Work task
Please give back, exactly as written, only the line containing "Amina online show from December 19, 10:22 am" and every line after it until the data below ends.

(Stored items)
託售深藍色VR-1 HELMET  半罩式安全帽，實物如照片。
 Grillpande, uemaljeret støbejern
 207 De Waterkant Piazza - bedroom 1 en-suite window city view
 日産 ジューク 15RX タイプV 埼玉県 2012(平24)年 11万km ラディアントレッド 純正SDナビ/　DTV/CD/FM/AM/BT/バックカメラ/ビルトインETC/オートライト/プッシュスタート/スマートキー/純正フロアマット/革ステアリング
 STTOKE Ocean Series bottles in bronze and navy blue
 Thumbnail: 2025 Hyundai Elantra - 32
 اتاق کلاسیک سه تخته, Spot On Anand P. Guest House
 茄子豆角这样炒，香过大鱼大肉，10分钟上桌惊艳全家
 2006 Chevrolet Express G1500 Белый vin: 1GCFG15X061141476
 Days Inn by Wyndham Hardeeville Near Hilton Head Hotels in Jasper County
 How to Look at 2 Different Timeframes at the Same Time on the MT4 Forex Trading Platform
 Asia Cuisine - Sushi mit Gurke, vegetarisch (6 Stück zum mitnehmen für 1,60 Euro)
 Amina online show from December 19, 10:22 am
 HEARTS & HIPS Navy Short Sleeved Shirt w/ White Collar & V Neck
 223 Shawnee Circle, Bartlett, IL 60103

Problem solution
 Amina online show from December 19, 10:22 am
 HEARTS & HIPS Navy Short Sleeved Shirt w/ White Collar & V Neck
 223 Shawnee Circle, Bartlett, IL 60103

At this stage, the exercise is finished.